Source information:

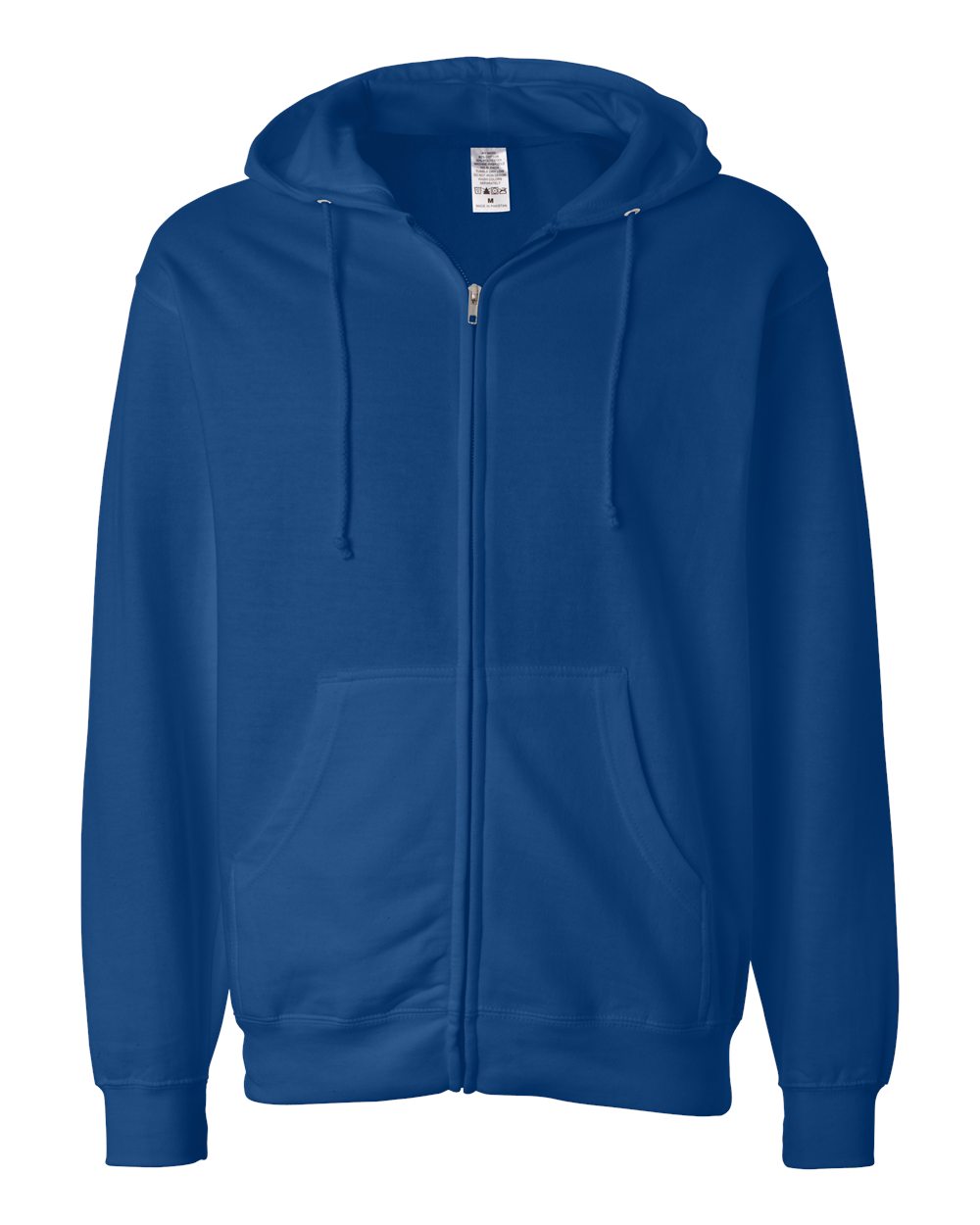Blanks - Independent - MW Full-Zip Hooded Sweatshirt - SS4500Z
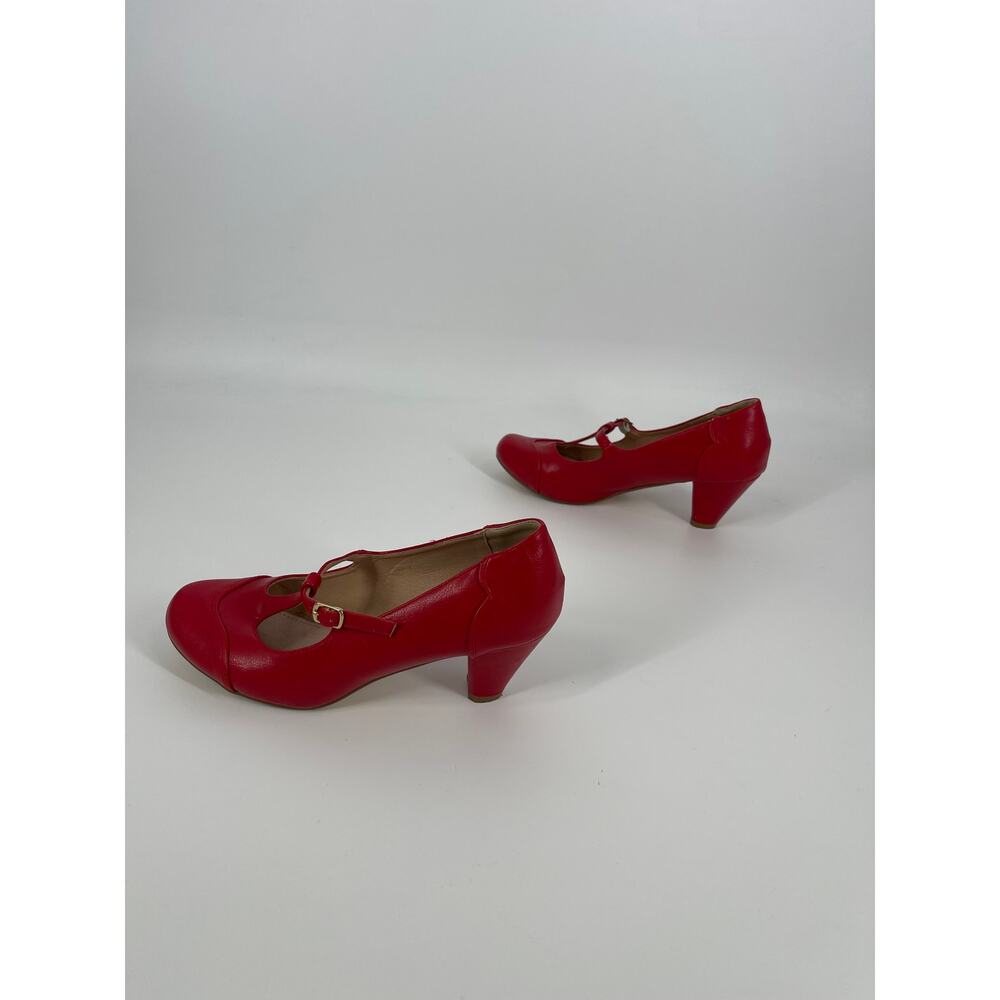 Dolce Nome Pinnup Shoes (Sb11) - Picture 4 of 9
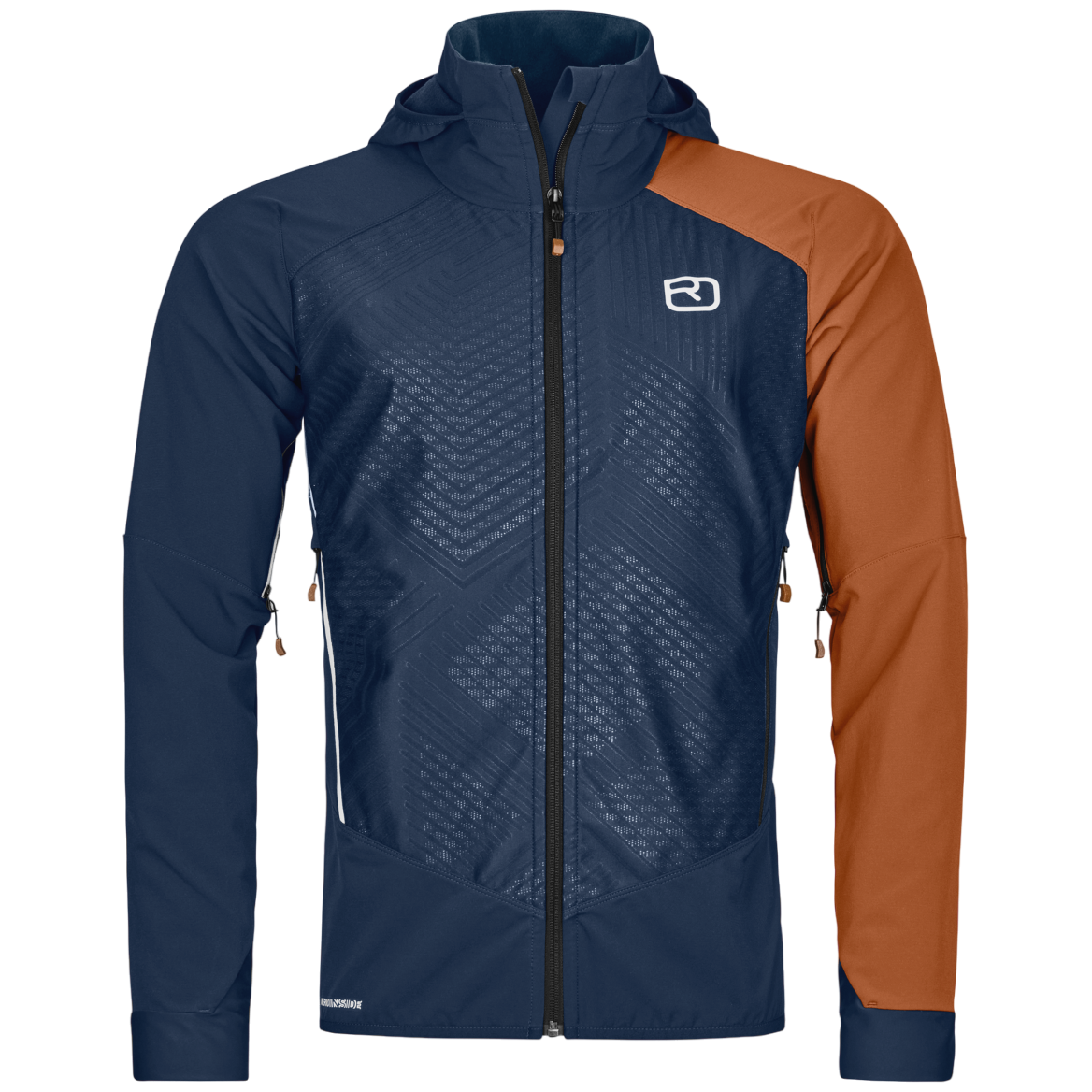 Pánska bunda Ortovox Col Becchei Jacket Men's Veľkosť: L / Farba: tmavomodrá
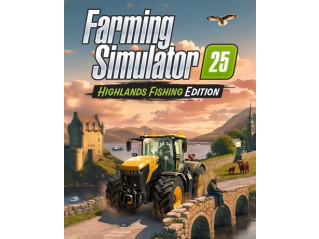 FARMING SIMULATOR 25 HIGHLANDS FISHING EDITION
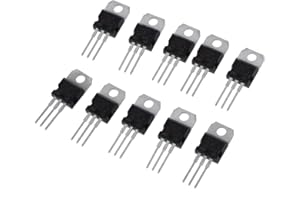 HeyNana - Lot de 10 transistors Darlington TIP122 100 V 5 A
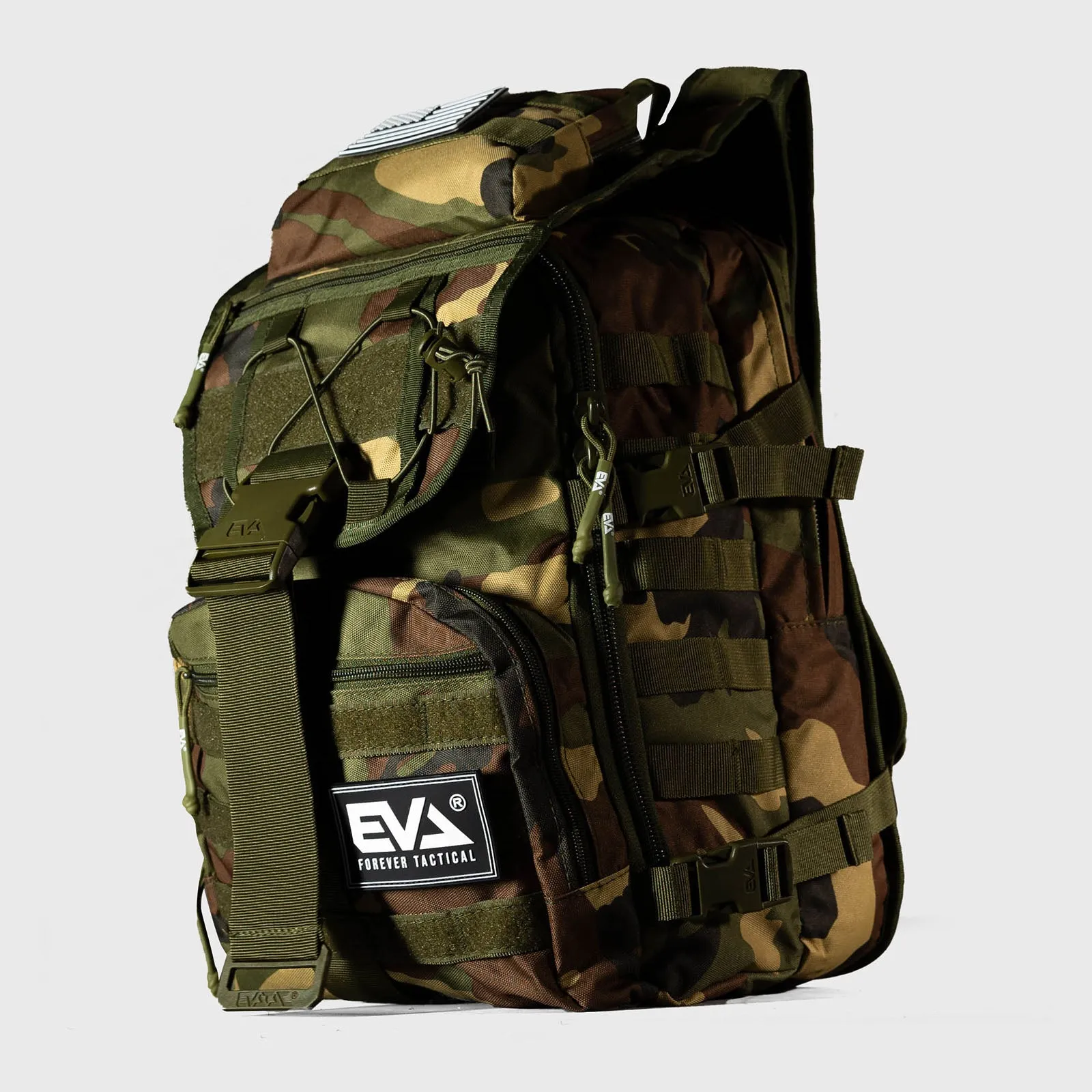 EVA Athletic - Legacy 35L Backpack - Jungle Camo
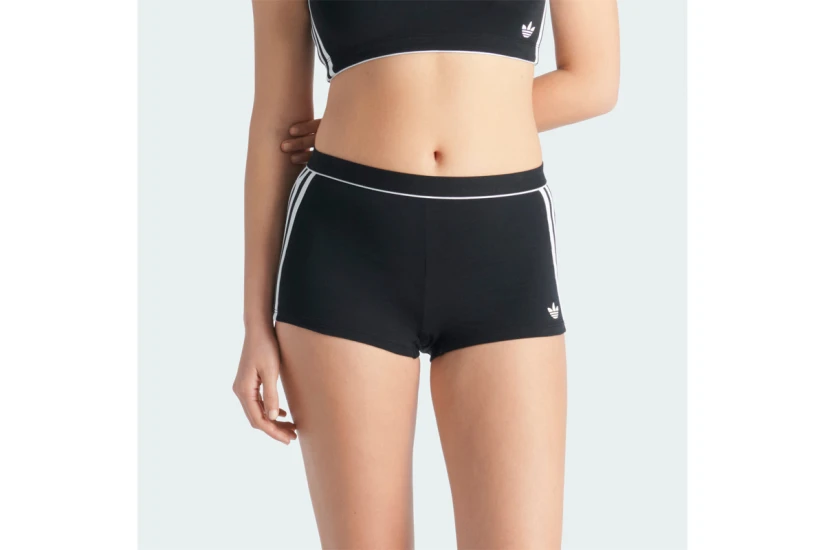 Adidas Originals Γυναικείο Εσώρουχο Boxer Μαύρο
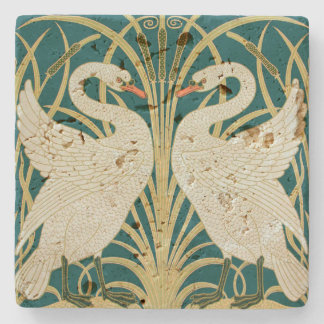 Stone Coasters Marble Art Nouveau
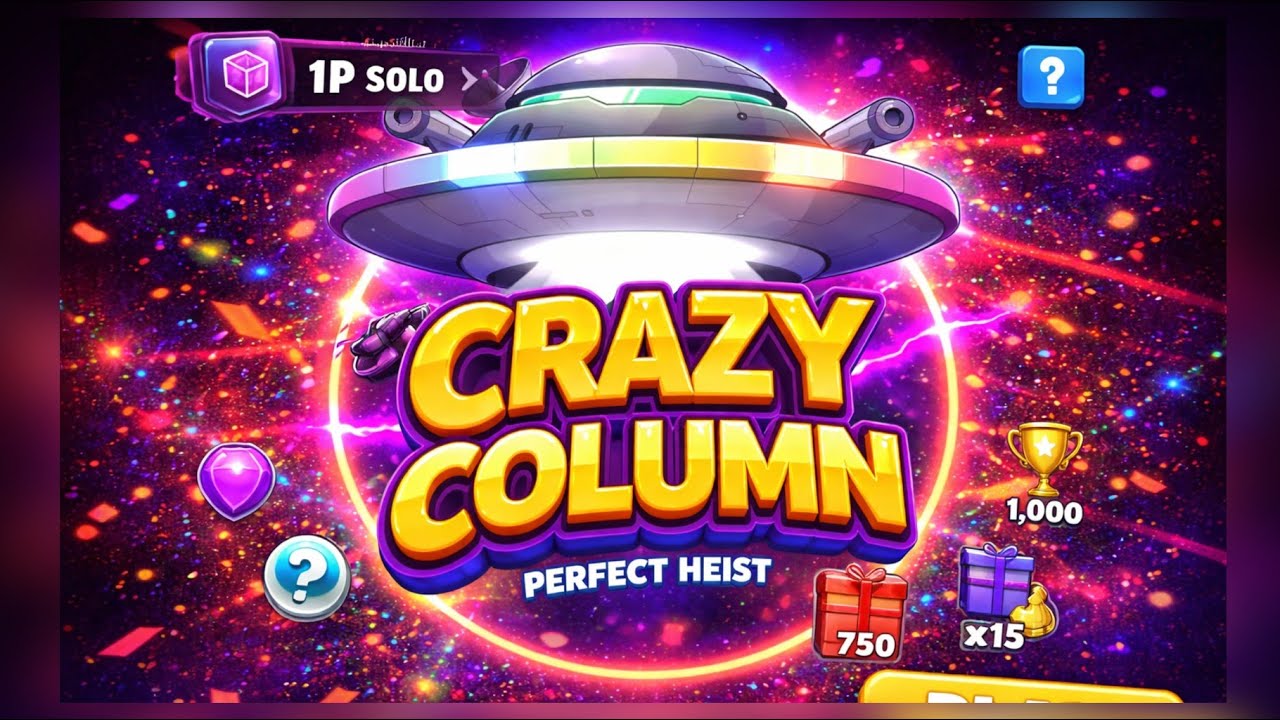 Crazy column solo challenge|perfect heist|match masters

Instructions to follow: Output exactly the lines from the line with "Adidas Originals Γυναικείο" to the last line of the records, including both, and leave every picture out.

Answer space:
 Adidas Originals Γυναικείο Εσώρουχο Boxer Μαύρο
 Stone Coasters Marble Art Nouveau
 Crazy column solo challenge|perfect heist|match masters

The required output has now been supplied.